After the demolition
Traders at  the Abattoir Market in the Ojokoro Local Council Development Area were jolted on Monday morning when the LCDA demolished a section of the market.

Many of them said they lost their wares while some explained that they had bought some of the stalls outright from the Ojokoro LCDA.

According to some of the affected traders,  they had  yet to get to the market when the demolition team, in company with a detachment of police  from the Rapid Response Squad, arrived with a bulldozer.

Those of them who were around said the demolition squad arrived around 8.30am, with the armed policemen taking positions at strategic points.

The market located along the old Ota Road had become a heap of rubble when our correspondent got there at 12.00 noon.

“They came around 8.30am and they started to demolish the market,” one of the affected traders, Mrs. Nike Bakare,  said. “Some of us had just arrived when we saw the policemen and bulldozer. We quickly  packed what we could and ran out.”

Bakare,  who said she had a stall on which she paid a monthly rent in the market where she sold clothes, noted that they never expected that the Ojokoro LCDA could treat them in such a manner.

A Hausa stall owner, Mr. Yusuf Bala, said he just paid a sum of N500,000 to the LCDA for the stall. He added that his only source of income had gone with the wind.

“Me I sell my farm for home, and I borrow money from my people to buy the shop last year. Now everything I don finish. Me I no know where I go go,” he said in pidgin English. Bala stated that he sold fruits and vegetables in the stall.

Also in Bala’s shoes is one Mrs. Akinwunmi, who also said she had bought a stall four years ago for N300,000.

Akinwunmi  was weeping like a baby at the scene of the demolition and words failed her when our correspondent wanted to talk to her.
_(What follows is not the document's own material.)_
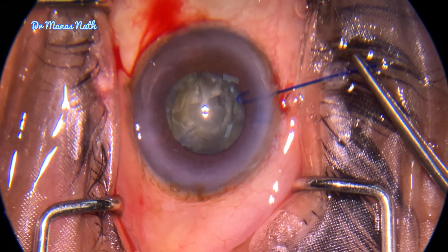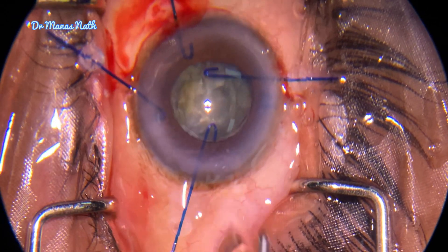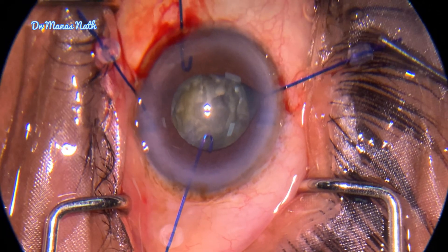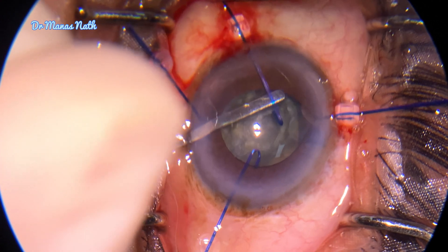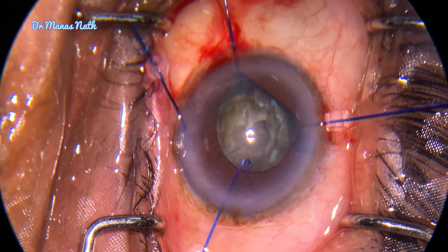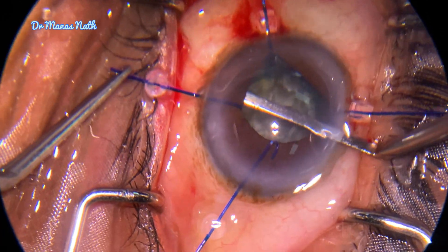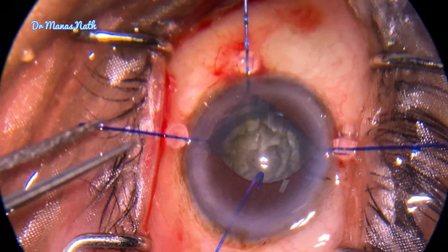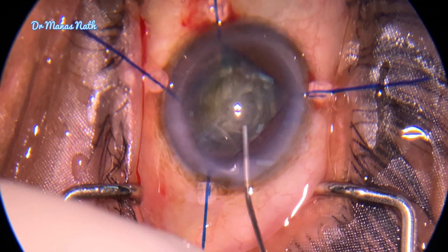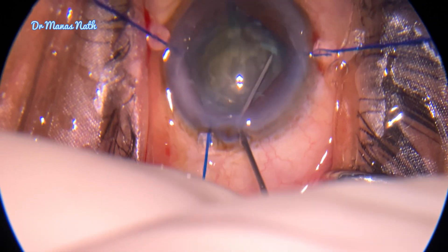With iris hooks, I used four iris hooks. As the capsulorhexis is there, one should not drag the rhexis margin. One can always use a spatula to lift the iris and hook it up. I used the fourth one. No obvious zonular dialysis was found. I did another hydrodissection here.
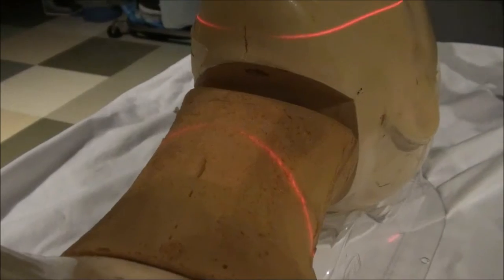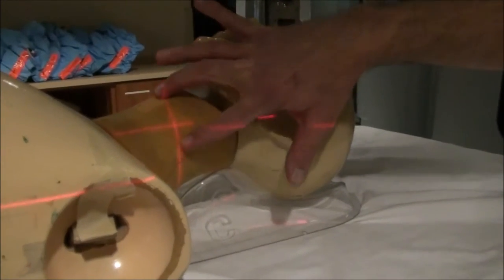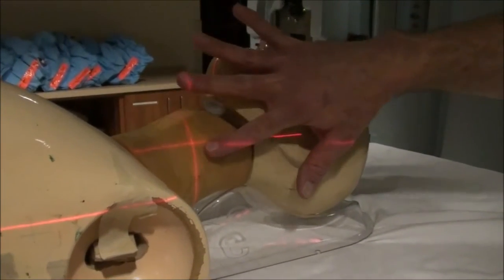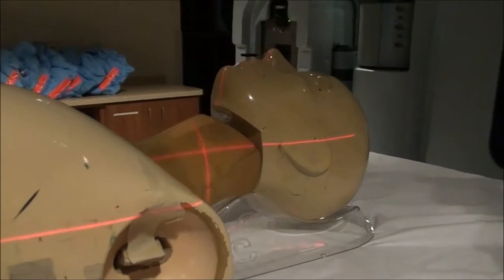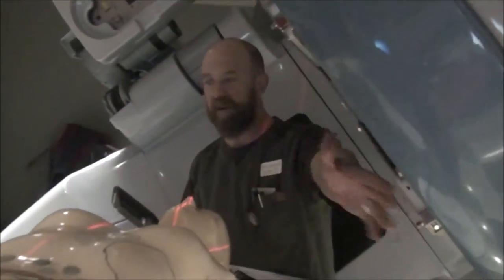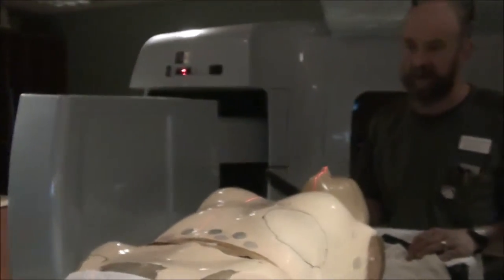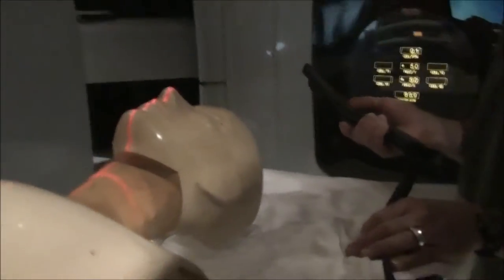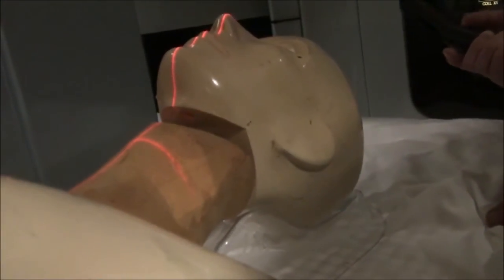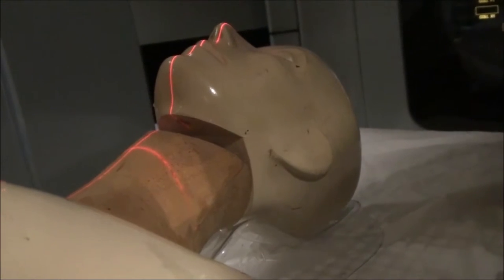I'm then going to raise the table up and go to what I expect would be midline between the anterior flesh and what is probably the vertebral bodies. Then I'm just going to rotate over to my lateral. You don't want to run into your patient with your gantry and you don't want to run the image intensifier into the table. Generally you'll be at the foot of the table. You don't want to hurt your patient and you don't want to ruin the equipment.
Her colleagues said she sold vegetable oil and seasonings.

Another trader, Mrs. Ibrahim Omotayo, who said she sold cutlery in her own stall, where she paid N2,500 as monthly rent, also told our correspondent that she lost some of her wares. She explained that some boys who pretended to be helping her to pack some of her wares actually went away with them.

Some of the traders said they got a quit notice from the Ojokoro LCDA while others said they were never served any notice.

When our correspondent visited the Ojokoro LCDA headquarters, the chairman was said to be unavailable. “He is attending a meeting at the Alausa Secretariat,” one of the officials in the information unit,  who did not reveal her name,  said. She said she could not speak on the development.